Elements and Attributes

What you created in the first assignment is a well-formed document, which means that the document conforms to basic XML rules. These rules include such things as:

  • Element names must conform to element-naming rules.
  • Elements names cannot include spaces.
  • Elements must be nested appropriately.

In addition to these rules, a document can be validated against a Document Type Definition (DTD) to determine if the file is valid. A DTD defines rules specific to the elements that you create in your XML files. The DTD will contain a rule for each element and attribute that you create. When you validate or transform a document, an XML processor compares your XML document to the DTD to validate that the document conforms to the rules defined in the DTD. For structured authoring, you will want rules to define such things as the structure of a topic or the components of a step. The next reading assignment will cover DTDs in more detail.

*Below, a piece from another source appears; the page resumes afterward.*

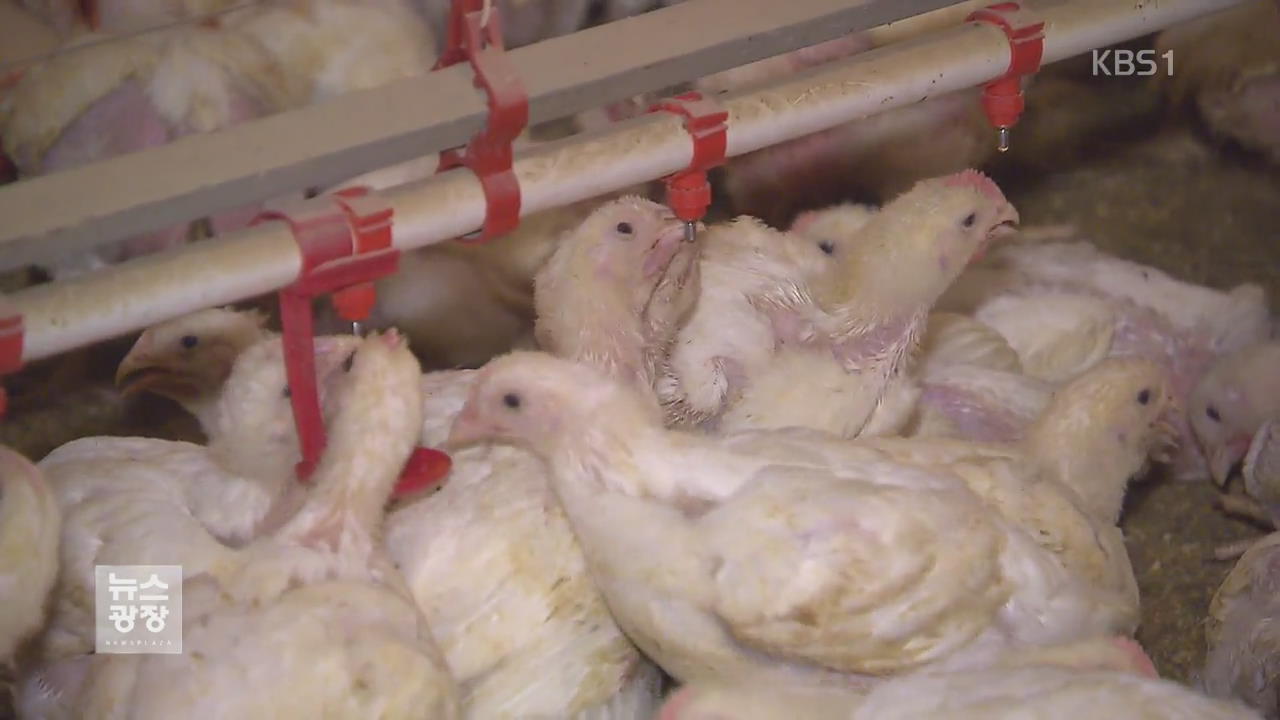 대형 닭고기업체 ‘치킨게임’…벼랑 끝 육계 농가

The following figure summarizes the relationship between XML files, DTDs, XSLT, and your output.

You create content in an XML file (also called an XML instance). That file conforms to the rules of the DTD. You then use XSLT to format the XML instance into some output type (like PDF, HTML, Eclipse, and so on).

The reading for this week dives more into elements and introduce attributes. While elements contain content, attributes contain additional metadata about that content.

This lesson will also discuss how to approach constructing a more complex well-formed document.

Note: If you were to view XML as a programming language instead of an authoring platform, you would use schemas. Schemas provide an alternative to DTDs that include more robust data typing than DTDs; however, they are more complex to develop. For example, when defining a schema you can specify the type of data a particular element would contain, such as an integer or a date. This basic course is only going to cover DTDs. For information about schemas, you can see the W3Schools tutorial for schemas.

Defining elements

Elements are the basic building blocks of an XML document. When you structure information within an XML document, you are creating elements that define the content being included as well as organize that information into a consistent structure.

Naming elements

When you name an element, you should describe the content of that element (for example, firstname, lastname, or address).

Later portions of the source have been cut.